GRAND FORMAT. “On a mangé la pizza devant l’ordinateur par Skype” : De Milan à Codogno, la population italienne vit à l’heure du Coronavirus

Baptiste Coulon

GRAND FORMAT. “On a mangé la pizza devant l’ordinateur par Skype” : De Milan à Codogno, la population italienne vit à l’heure du Coronavirus

GRAND FORMAT. “On a mangé la pizza devant l’ordinateur par Skype” : De Milan à Codogno, la population italienne vit à l’heure du Coronavirus

Baptiste Coulon
Photos : Roberto Cighetti
25 février 2020

L’Italie est le premier pays européen à faire état de décès dus au Coronavirus Covid-19 parmi ses ressortissants depuis la propagation de l’épidémie en Lombardie et Vénétie. 11 villes sont désormais placées en quarantaine et le dernier bilan connu fait état de sept morts et plus d’une centaine de contaminés. La Manufacture a contacté plusieurs ressortissants français et italiens dans la région de Milan et Codogno, berceau épidémique du virus dans le nord du pays. Voici leurs témoignages.

A Milan, les étudiants français s’adaptent

Pour le moment on n’a pas énormément d’informations“. Grégoire Laubie est étudiant en deuxième année à Sciences Po Paris et en échange universitaire à Milan ce second semestre.
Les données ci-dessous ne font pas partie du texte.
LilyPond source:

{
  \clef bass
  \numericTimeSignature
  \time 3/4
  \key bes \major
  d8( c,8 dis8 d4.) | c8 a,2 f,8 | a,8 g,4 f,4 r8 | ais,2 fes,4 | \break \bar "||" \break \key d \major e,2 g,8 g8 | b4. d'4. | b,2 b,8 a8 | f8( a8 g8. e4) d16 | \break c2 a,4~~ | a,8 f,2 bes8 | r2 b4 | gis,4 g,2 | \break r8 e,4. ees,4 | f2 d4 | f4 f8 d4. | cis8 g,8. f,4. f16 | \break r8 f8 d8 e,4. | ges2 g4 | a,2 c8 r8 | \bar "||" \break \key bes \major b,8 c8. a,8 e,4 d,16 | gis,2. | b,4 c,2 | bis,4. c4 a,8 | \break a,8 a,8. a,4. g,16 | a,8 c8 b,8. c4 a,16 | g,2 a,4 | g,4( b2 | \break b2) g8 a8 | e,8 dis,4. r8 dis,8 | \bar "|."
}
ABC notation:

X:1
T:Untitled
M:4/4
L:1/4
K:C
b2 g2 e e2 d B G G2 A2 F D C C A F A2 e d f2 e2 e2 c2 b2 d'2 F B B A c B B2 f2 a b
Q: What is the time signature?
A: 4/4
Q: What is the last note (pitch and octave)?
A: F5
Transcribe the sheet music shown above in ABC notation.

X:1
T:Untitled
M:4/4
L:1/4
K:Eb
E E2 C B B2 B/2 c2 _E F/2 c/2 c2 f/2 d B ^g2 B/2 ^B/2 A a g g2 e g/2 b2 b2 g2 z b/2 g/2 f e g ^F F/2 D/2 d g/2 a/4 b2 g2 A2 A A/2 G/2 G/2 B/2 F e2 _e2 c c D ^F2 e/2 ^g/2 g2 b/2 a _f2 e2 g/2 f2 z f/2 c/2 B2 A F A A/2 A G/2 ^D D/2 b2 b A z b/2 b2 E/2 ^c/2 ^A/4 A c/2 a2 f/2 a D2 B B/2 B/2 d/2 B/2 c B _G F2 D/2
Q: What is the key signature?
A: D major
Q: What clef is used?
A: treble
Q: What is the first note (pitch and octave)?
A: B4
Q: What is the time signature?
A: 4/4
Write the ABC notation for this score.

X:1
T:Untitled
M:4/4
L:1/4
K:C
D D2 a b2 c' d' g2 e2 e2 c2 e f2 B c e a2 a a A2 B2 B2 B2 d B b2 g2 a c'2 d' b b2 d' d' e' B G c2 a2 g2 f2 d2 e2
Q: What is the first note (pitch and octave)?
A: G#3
Face à la multiplication du nombre de personnes atteintes du Coronavirus, le maire de la ville a pris des mesures drastiques, en commençant par fermer les écoles et administrations publiques. De nombreuses festivités et des rencontres sportives ont été ensuite tour à tour annulées. L’université de Grégoire est donc fermée jusqu’au 2 mars, sans que l’on sache véritablement si l’établissement ré-ouvrira ses portes passée cette date. Alors, il faut s’adapter : “Certains rentrent en France comme on n’a pas cours, moi je pense partir 2-3 jours dans une autre ville en attendant de voir comment la situation évolue“.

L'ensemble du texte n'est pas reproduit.